Task goal:
For the material that follows, return exactly the lines from the one with "Chopard,Ice Cube' 25mm,25mm,White" through the one with "並行輸入 マリメッコ ショルダーバッグ", both ends included.

Given data:
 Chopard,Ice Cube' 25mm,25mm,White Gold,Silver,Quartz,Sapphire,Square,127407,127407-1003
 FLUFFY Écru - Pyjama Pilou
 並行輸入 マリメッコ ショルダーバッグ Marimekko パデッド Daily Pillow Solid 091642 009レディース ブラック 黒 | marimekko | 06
* * *
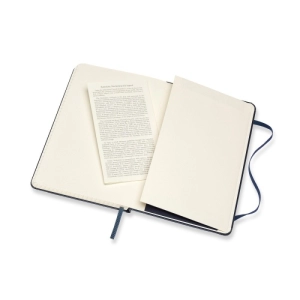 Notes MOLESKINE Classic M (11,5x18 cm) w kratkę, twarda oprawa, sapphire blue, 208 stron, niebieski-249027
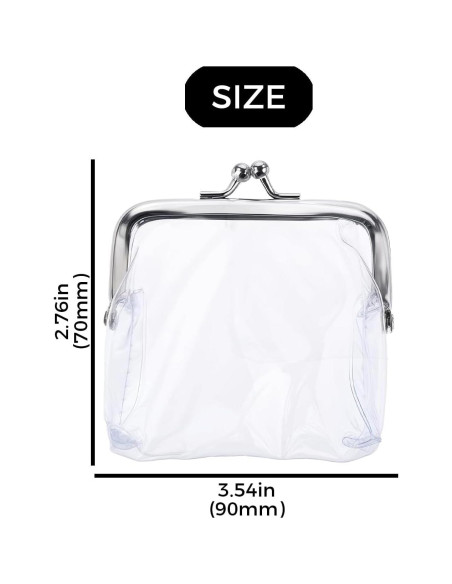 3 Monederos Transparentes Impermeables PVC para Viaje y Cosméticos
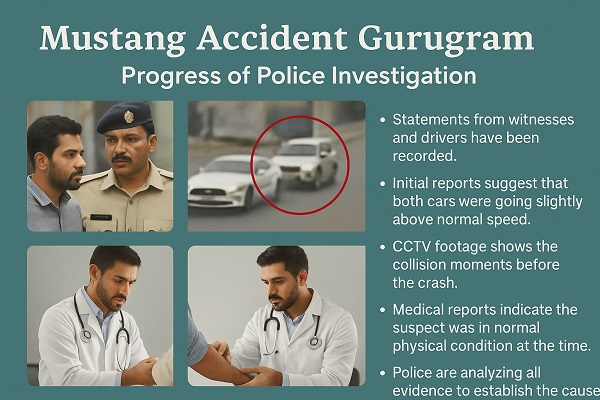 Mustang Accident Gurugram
---
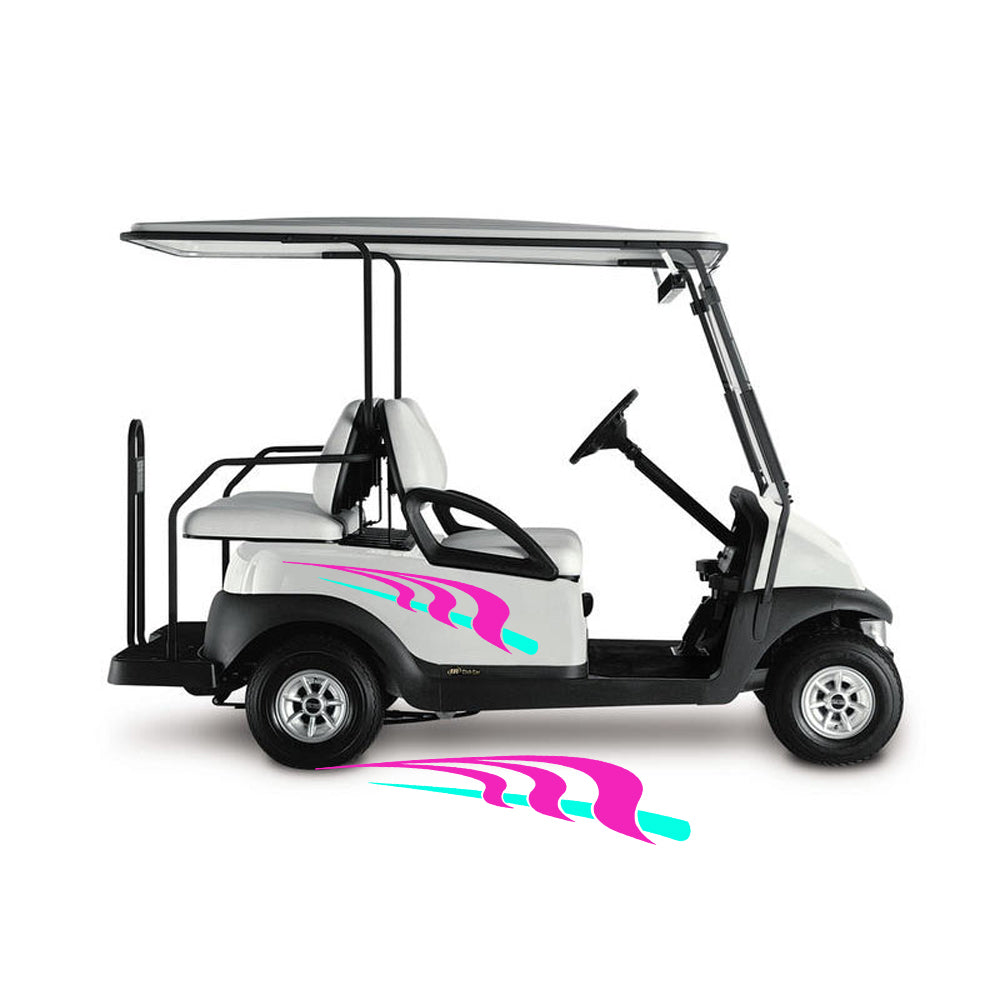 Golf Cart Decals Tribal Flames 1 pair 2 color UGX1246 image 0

Completed task:
 Chopard,Ice Cube' 25mm,25mm,White Gold,Silver,Quartz,Sapphire,Square,127407,127407-1003
 FLUFFY Écru - Pyjama Pilou
 並行輸入 マリメッコ ショルダーバッグ Marimekko パデッド Daily Pillow Solid 091642 009レディース ブラック 黒 | marimekko | 06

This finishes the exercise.